Brief descriptive captions
————

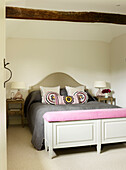 Upholstered blanket box at foot of double bed with embroidered cushions in timber- framed West Sussex farmhouse, England, UK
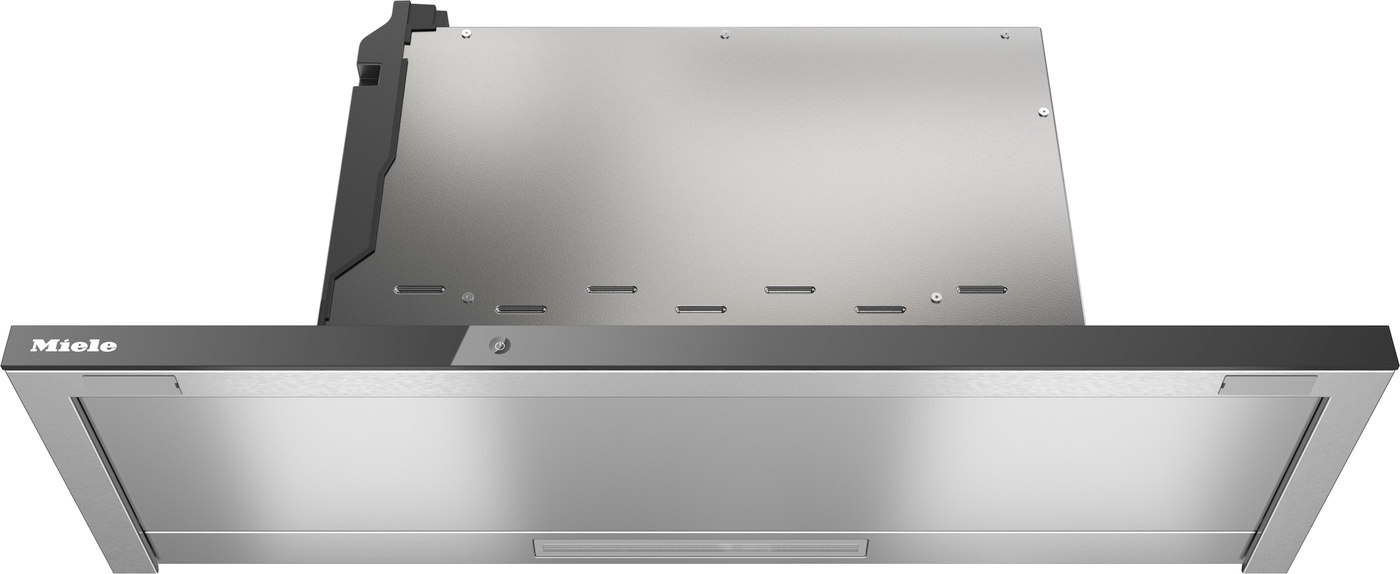 Stainless steel Miele kitchen range hood, front view showing brushed metal finish and vent slot.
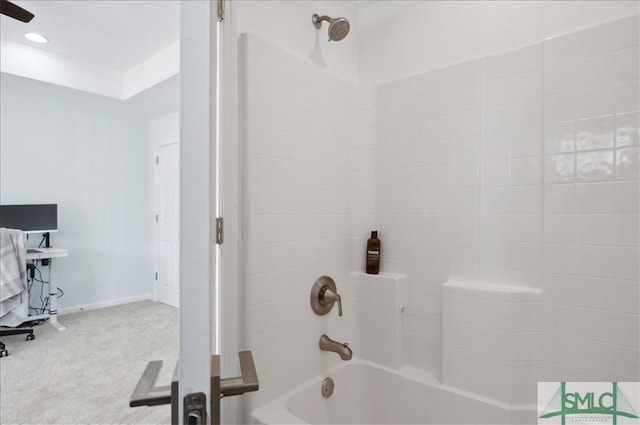 full bathroom featuring baseboards and shower / bath combination
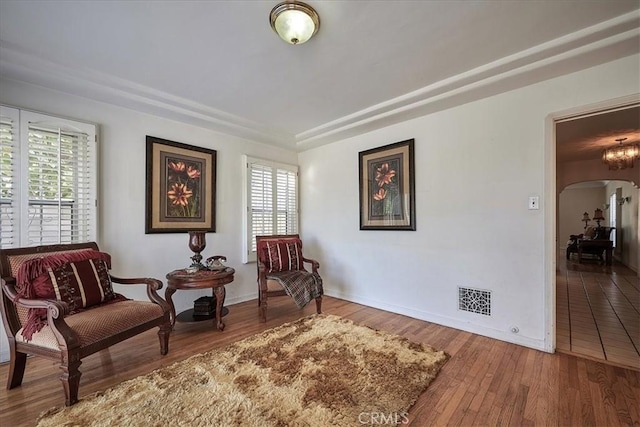 living area featuring plenty of natural light and wood-type flooring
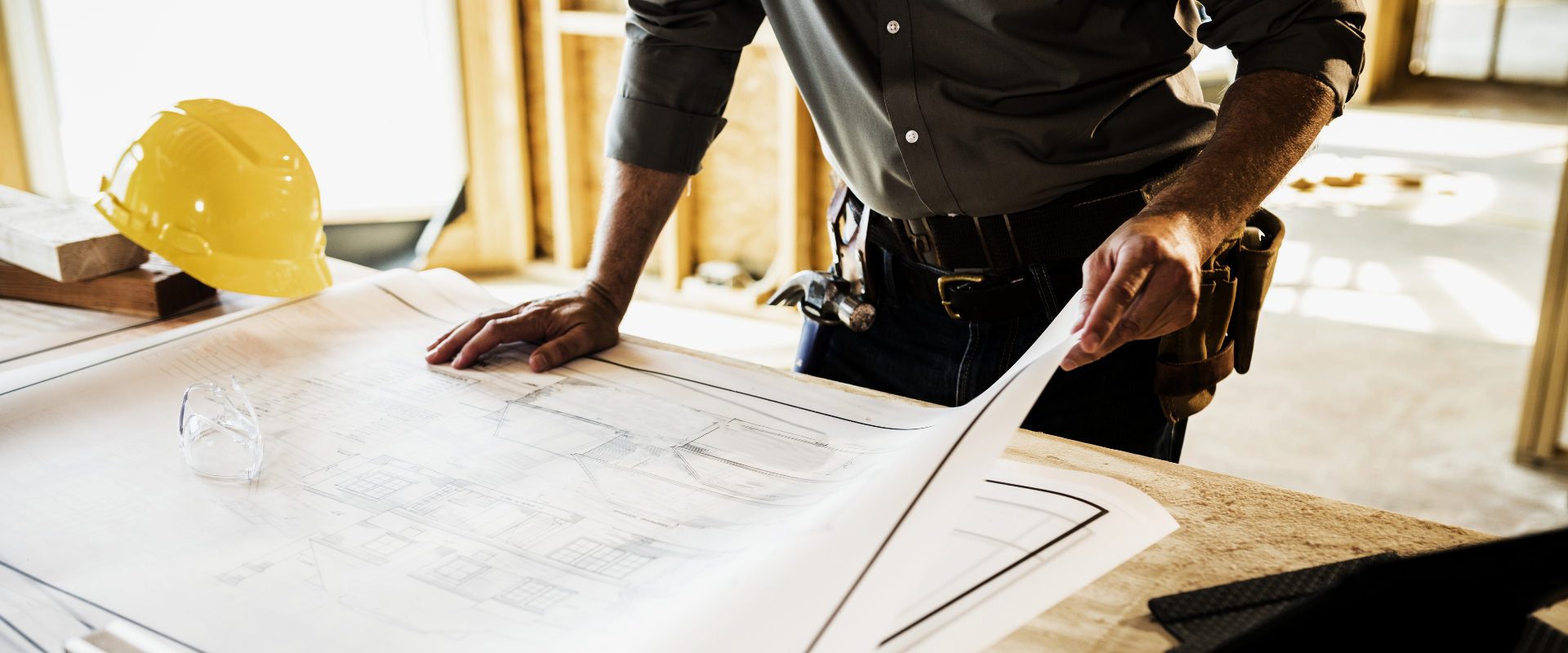 Home builder studying plans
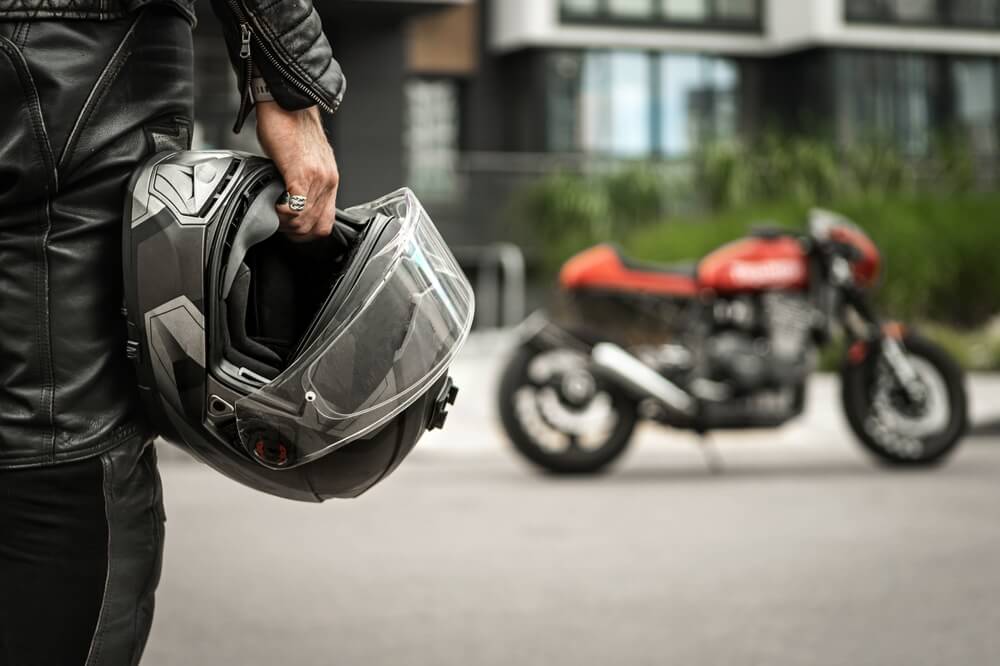 A motorcycle rider with a helmet in the hand, photo used on used on the Casares Injury Law website, Castle Rock car accident lawyers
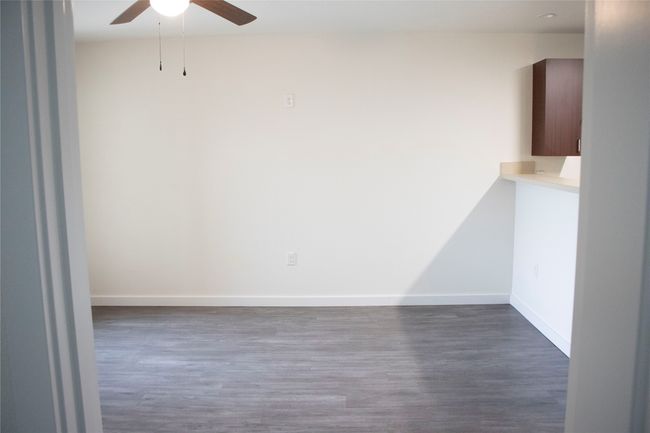 Empty room featuring baseboards, wood finished floors, and a ceiling fan | Image 4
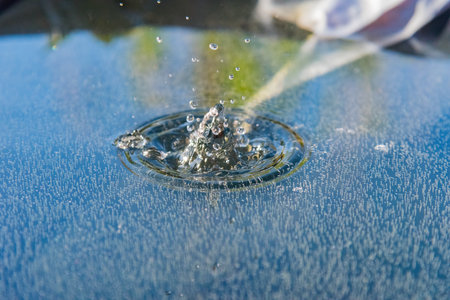 a drop falling into the water in a container against the background of greenery and nature at sunset in the evening. natural lightの写真素材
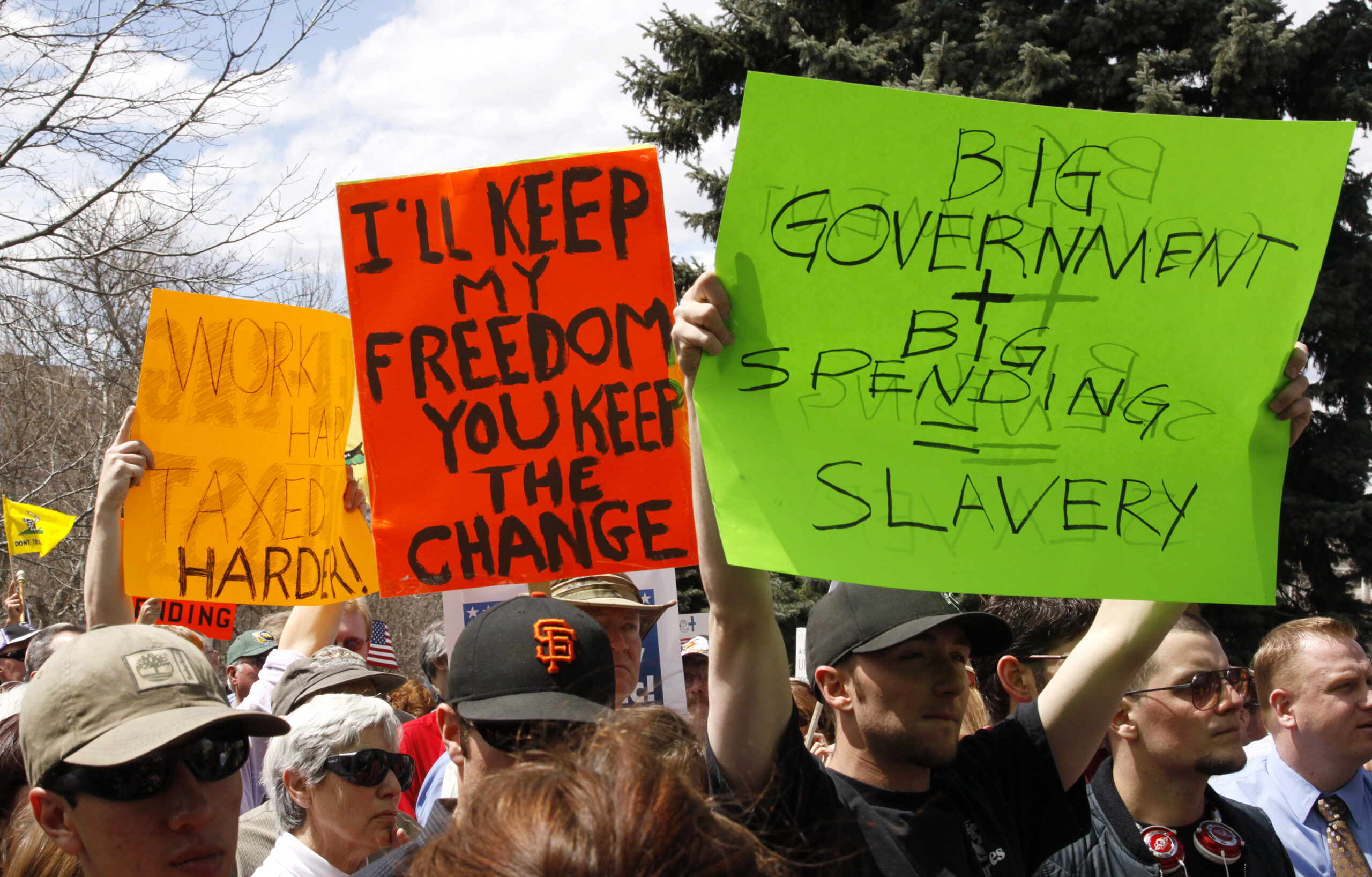 People wave signs at a "tea party" protest on the grounds of the Colorado state capitol in Denver April 15, 2009 (Reuters)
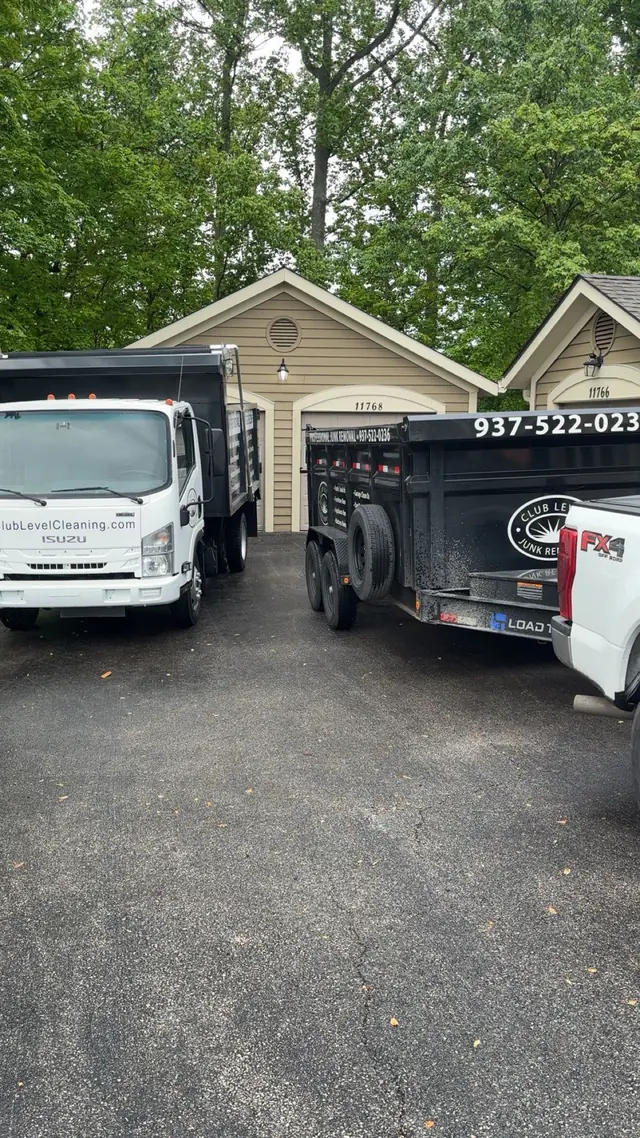 Club Level Cleaning's own trucks and trailer parked in Dayton, OH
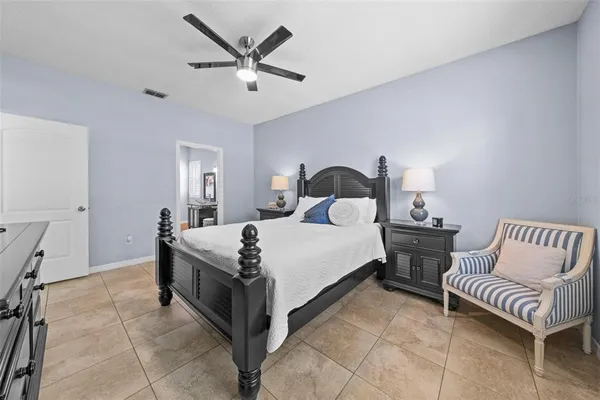 a bedroom with a bed and a couch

————

- _Exercise requirements_:
Where the line with "People wave signs" appears, begin there and transcribe exactly through the last line of the data, leaving all pictures aside.

- _Answer box_:
 People wave signs at a "tea party" protest on the grounds of the Colorado state capitol in Denver April 15, 2009 (Reuters)
 Club Level Cleaning's own trucks and trailer parked in Dayton, OH
 a bedroom with a bed and a couch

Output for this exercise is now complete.